I've been enamored with finger limes ever since I had them on some fresh oysters and in some phenomenal cocktails last year. I love how the little tiny spherical bubbles feel on my tongue and when you bite into them you get this effervescent burst of lemon-lime flavor with a slight floral undertone. They're kind of like a citrus pop rock.

Now I'll admit at first glance, finger limes are a bit fugly. They look like dried out gherkins (especially the ones with brown or purple peel) or a pudgy ogre finger, but the pulp inside this microcitrus is amazing. When you cut into the finger lime (which by the way isn't even a lime, it's a cousin to the lime), you'll see a bunch of translucent pearls. They can range in color from clear, green or pink. If you give the outside layer a squeeze, the pearl-like pulp will come tumbling out.

Finger limes are quite versatile. You can use them in drinks, marmalades, salads....You can also use the zest. The zest of finger limes is a bit unusual. It's thin and contains isomenthone, which is common in mint but unusual in citrus. My favorite way to use finger limes is to squeeze them onto fresh oysters (raw or grilled). Used as a garnish, the finger lime pearls add a nice kick of tanginess. One of the many cool things about finger limes is that you can freeze them (for 3-6 months). If you do this, you want to place them whole (uncut) on a baking sheet and once frozen, transfer them to an airtight container. When defrosting, defrost in the fridge.
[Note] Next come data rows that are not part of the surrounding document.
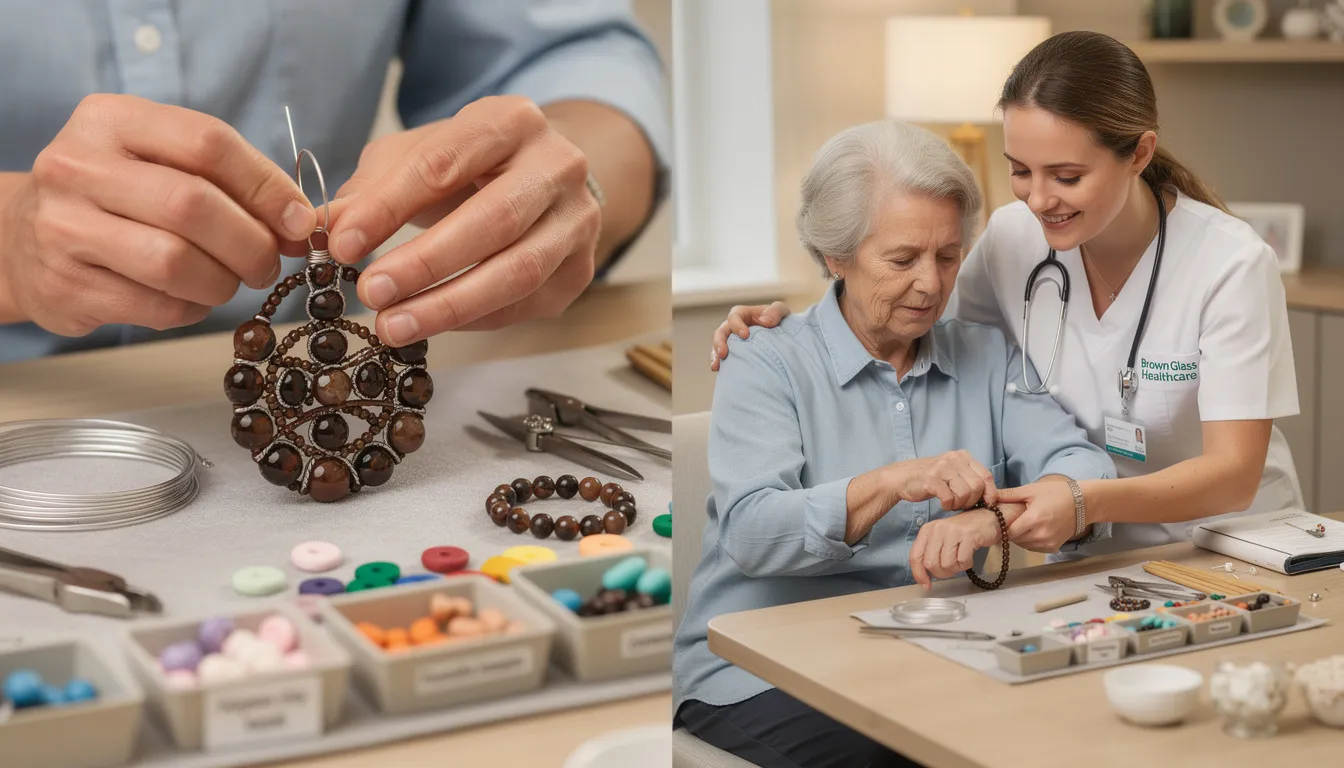 The image showcases a variety of jewellery-making materials, including brown beads, polymer clay beads, and ceramic beads, emphasizing their beauty and versatility. Wire wrapping techniques are demonstrated, illustrating how to create secure and stylish designs that are ideal for long-lasting creations.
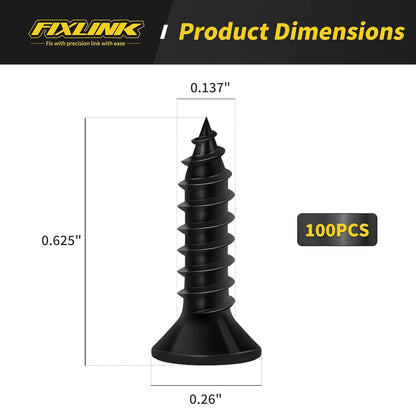 Wood Screws 5/8 Inch, 100 PCS FIXLINK Premium Flat Head Phillips Black Wood Screws, Self Tapping Electrophoresis Used in Indoor Furniture, Woodworking (#6 x 5/8")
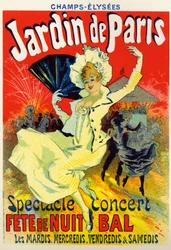 Kunst, Unterhaltung. Jardin de Paris, Ball auf den Champs Elysees, Paris. Plakat von Jules Cheret, Frankreich, ca. 1895 (Plakat)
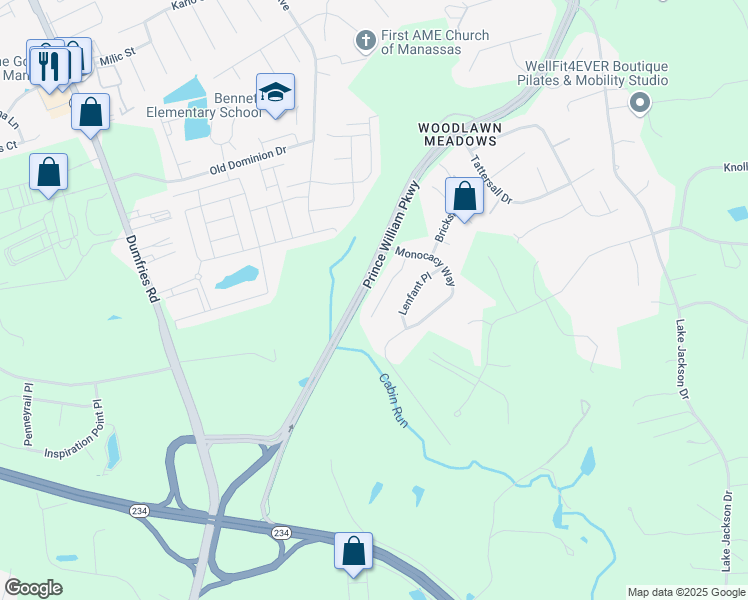 map of restaurants, bars, coffee shops, grocery stores, and more near 10638 Moselle Court in Manassas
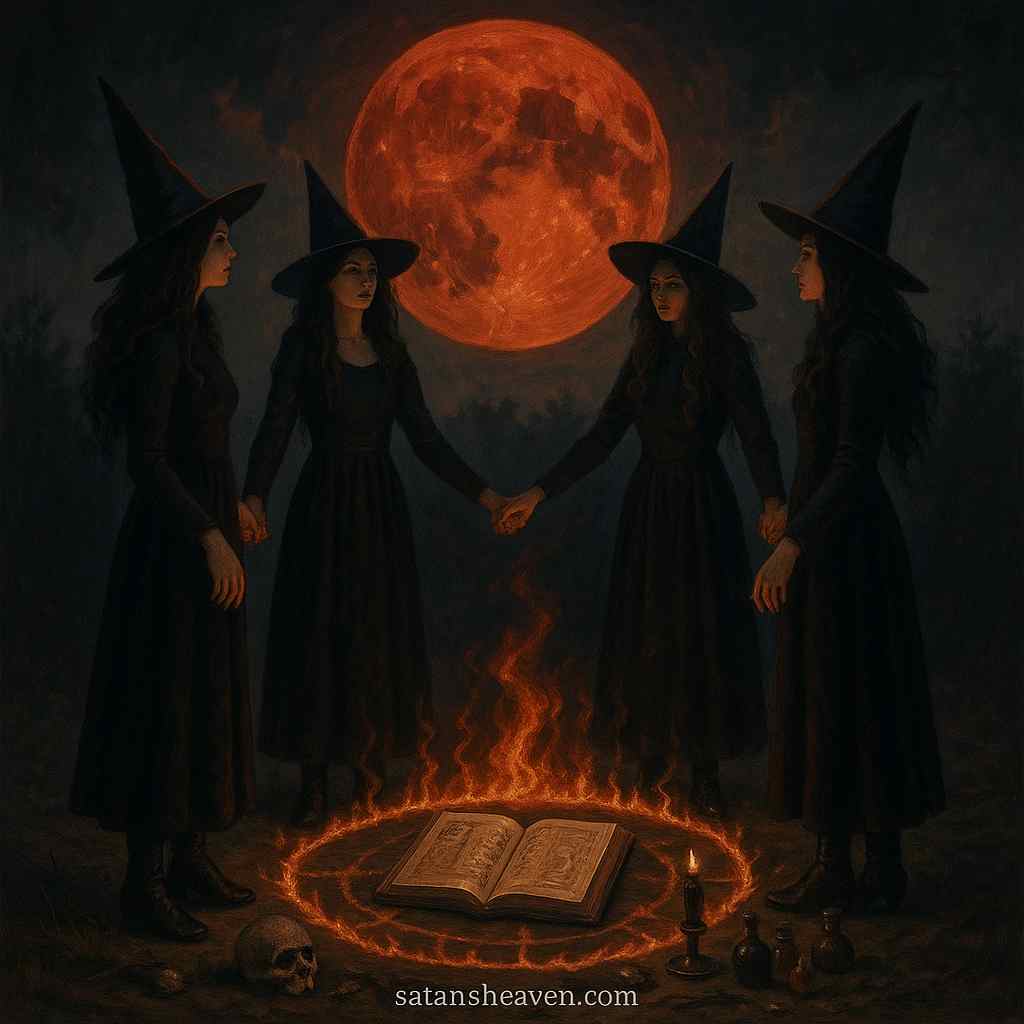 A witches’ coven is often portrayed as the secret gathering where dark pacts are sealed and souls are sold to infernal powers.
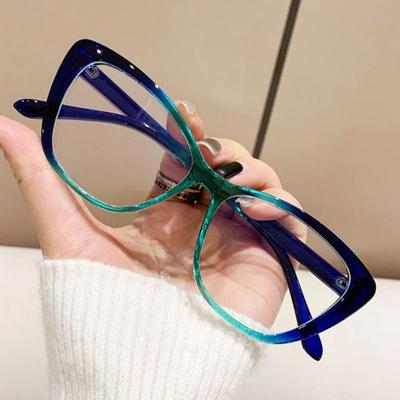 Neue Mode Katzenauge Blaulichtfilter Brille Damen Herren Retro Farbverlauf Schmetterlingsrahmen Computerbrille Optische Brille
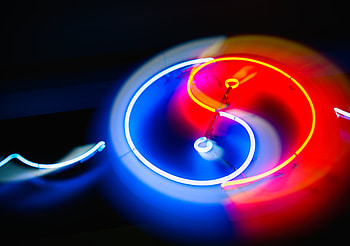 Dark, Shine, Light, Neon, Backlight, Illumination, Yin And Yang HD wallpaper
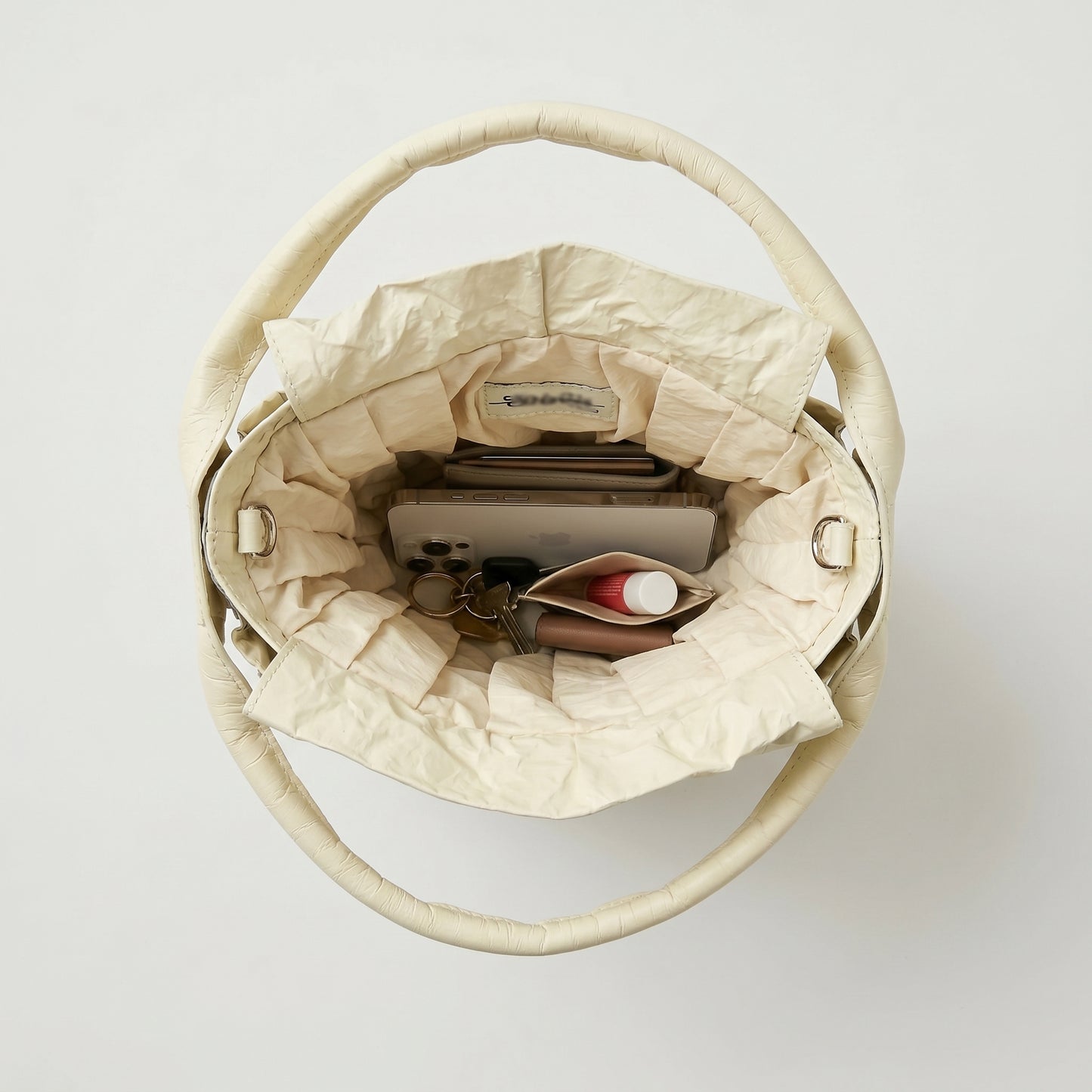 Pleated Crinkled Bucket Bag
Finger limes are a native bush to Australia so they're a bit hard to find but some farms (like Shanley Farms) in California have started growing them recently in small quantities. I was able to buy a container of them from the kind folks at Produce Express, which caterers to restaurants. So if you're in the restaurant biz you can order directly from them. Otherwise, I've seen finger limes at Whole Foods on occasion.  Or you can grow your own! Four Winds Growers in Winters, CA sells them in 5 gallon size tree form to area retailers.

Grilled Oysters With Butter, Sriracha and Finger Lime "Caviar"
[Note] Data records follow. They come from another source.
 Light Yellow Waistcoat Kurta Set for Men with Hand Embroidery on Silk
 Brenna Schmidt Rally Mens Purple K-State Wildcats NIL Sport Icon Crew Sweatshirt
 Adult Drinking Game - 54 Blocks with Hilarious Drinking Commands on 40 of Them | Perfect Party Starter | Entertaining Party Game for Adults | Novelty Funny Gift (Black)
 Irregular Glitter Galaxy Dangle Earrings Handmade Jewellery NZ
1 dozen fresh oysters (I prefer the large ones for grilling), scrubbed

1/2 stick of unsalted butter, softened

1 teaspoon of Sriracha

1/4 teaspoon sea salt

2 tablespoons of grated Parmesan or Pecorino-Romano (optional)

5-6 finger limes, cut in half


1. Heat up your grill so it's VERY hot.

2. In a small bowl, mix up your butter, sriracha and sea salt. Place the bowl in the fridge for a bit to let it firm up.

3. Use an oyster shucker to open up your oysters. Be careful when popping the hinge, the shells are brittle and oftentimes sharp. Please don't slice open your hand.

* If you do not own a shucker or just don't want to shuck, you can place the closed oysters on your hot grill (cupped side on the bottom), with the top closed for 1-2 minutes. The oysters will open up on their own from the heat. Remove them as soon as the open.

4. Place a dollop of the butter-Sriracha mixture on each of your oyster. You can lightly sprinkle some Parmesan on the top too, if you wish. Place the oysters on the grill for 4-5 minutes (3-4 minutes if you popped them on the grill to open them). Use tongs to remove oysters from grate. The shell will be extremely hot.

5. Top with a squeeze of finger lime "caviar." Serve immediately.

2 Responses
  1. MMM this sounds good. We should get together and make some soon!

  2. Ally Says:

    Holler when you get back from your trip!